I am sure that the Secretary of State knows that I used to be the chairman of the all-party cycling group—until I was deposed in a very new Labour putsch in 1997, which installed Mr. Clarke, as an excellent chairman. I think I am still the vice-chairman, but I am not sure.
The Secretary of State may know of the Cyclists' Touring Club "Safety in numbers" campaign, which makes the valid prognosis that cycling becomes safer when more people do it, not only because motorists have to slow down, but because cyclists like me know when driving a car how dangerous cycling is. In his project, will he ensure that local authorities realise that the more cyclists there are, the safer cycling becomes, and that they should not simply try to get cyclists out of the way?
I am sorry that 12 years on, the hon. Gentleman still feels such personal resentment about the operation of democracy in the House, but it is a clear testament to his commitment to cycling. I hope that every day when he thinks about that terrible injustice, he will nevertheless reflect on the great success of the all-party cycling group in promoting cycling. No doubt, he will continue to play a part in that.
More seriously, as the hon. Gentleman said, it is important that we continue to encourage cycling and, indeed, walking, and that they should be done safely and securely. I strongly support his suggestion and I take a keen interest in this area of Government activity. We want to promote cycling and we want more people to take advantage of it—safely.
As a fellow cyclist, I commend the CTC campaign. At the same time, last week an important National Audit Office report drew attention to the threat to cyclists and pedestrians. I have always worked on the basis that one out of 10 motorists does not behave safely with regard to cyclists, and that one in 10 of those is a homicidal maniac. Is it time, particularly in rural areas, that we trained motorists to be far more responsible in their treatment of cyclists? Surely the Department could take that up.
My hon. Friend makes some important points. We welcome the findings of the NAO report and will carefully consider its contents. Concern has been expressed about the apparent recent increase in the number of cyclists killed or seriously injured, but over the trend period, the reduction is clear: cycling is becoming safer. The reasons for the very recent increase are not entirely clear to us, but we are looking into it.

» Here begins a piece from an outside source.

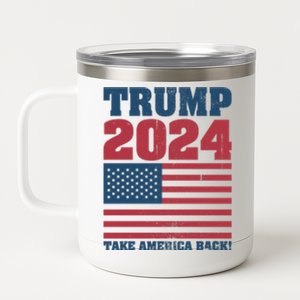 President Donald Trump 2024 Take America Back 12 oz Stainless Steel Tumbler Cup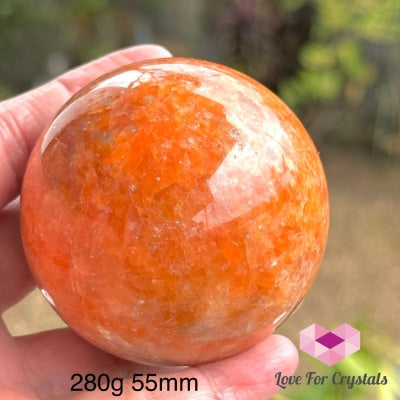 Golden Sunstone Sphere (Madagascar) Polished Crystals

It is important that we continue to promote safe cycling. We invest significant sums of public money in cycling training, which we are expanding across schools. We need to continue to support that work, so that we have safe cyclists in future.

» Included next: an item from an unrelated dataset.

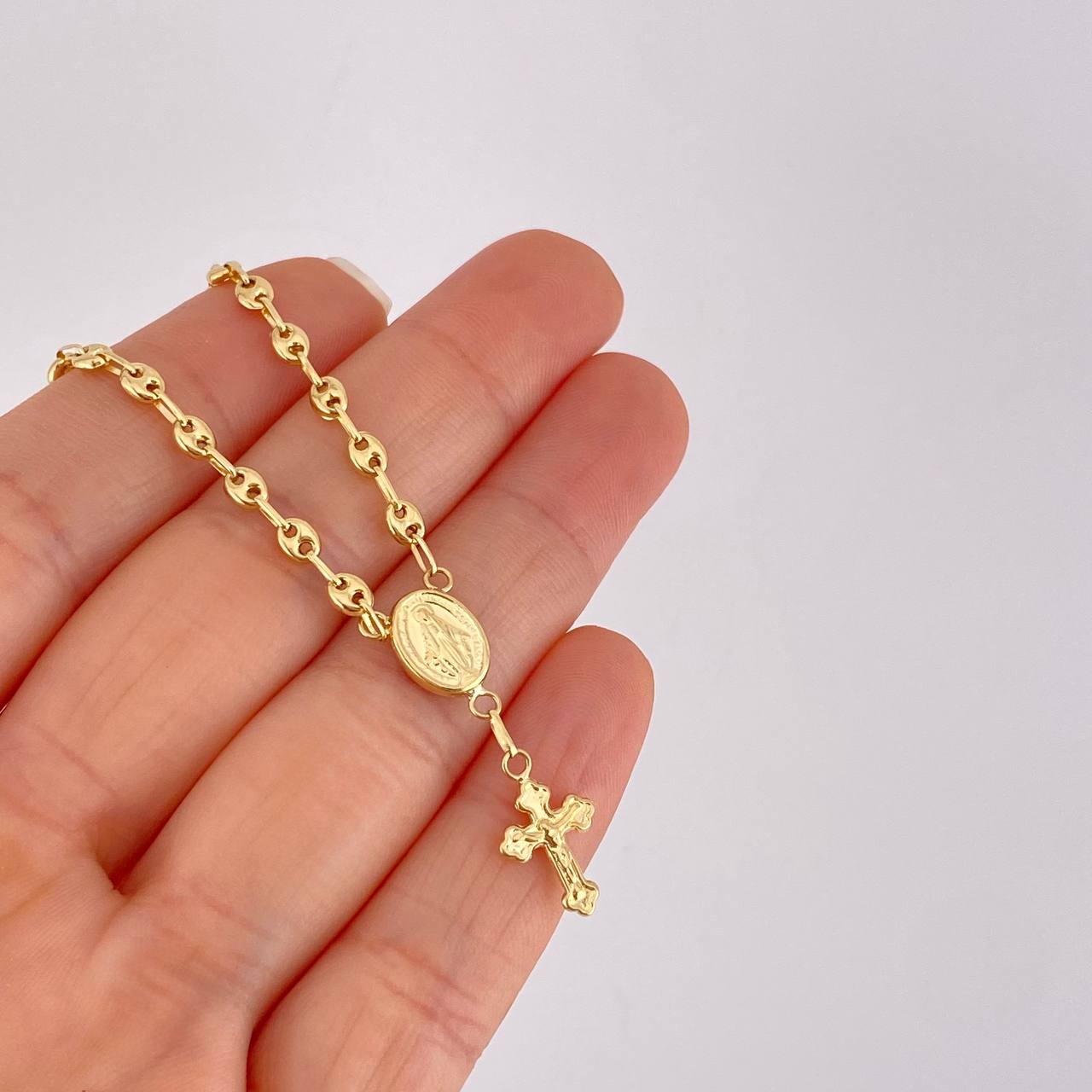 Pulso GC Denario Virgen Milagrosa 2.4g / 17.8cm / 3.3mm Oro Amarillo 18K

The Secretary of State will understand that an increase in cycling can lead to a lower risk for each cyclist but a greater number of casualties among cyclists—that is one of the consequences of modal shift.
Will the Secretary of State ensure that his study, when it is published, shows both that crashes are a consequence of conflict, and that secondary protection makes a difference?
Will the Secretary of State ensure that a comparison is made between the Netherlands, where cyclists tend not to wear energy-absorbing helmets, and this country, where cyclists do tend to wear them, even though the CTC has not got around to recommending it?
The hon. Gentleman makes some good points and I will certainly take them into account when the report is published. I would like to spend a little more time studying the success of cycling in the Netherlands. Safety is clearly important, and I believe that we should campaign to encourage people to wear cycle helmets, which can help in especially serious conflicts between cyclists and motor vehicles.
As a heavy-goods driver and a cyclist, I understand all too well the hazard caused to cyclists from the rear wheels of large vehicles, particularly at junctions. Does the Secretary of State think that the proposal from our brilliant Mayor of London, Boris Johnson, to allow cyclists to turn left on red and thus get out of the way before the lights change might improve matters?
I am grateful for that suggestion from the multi-talented Front Bencher. I shall certainly carefully consider the proposal, although there are some concerns about the safety implications of such a relaxation. As one who has lived and worked in the United States, where turning on red lights is routine for motor vehicles, I know that the idea has been considered for motor vehicles generally in the UK. What is important is that we put the safety criteria first—we have to assess whether it can be done safely. If it can, I would certainly take a positive view of it.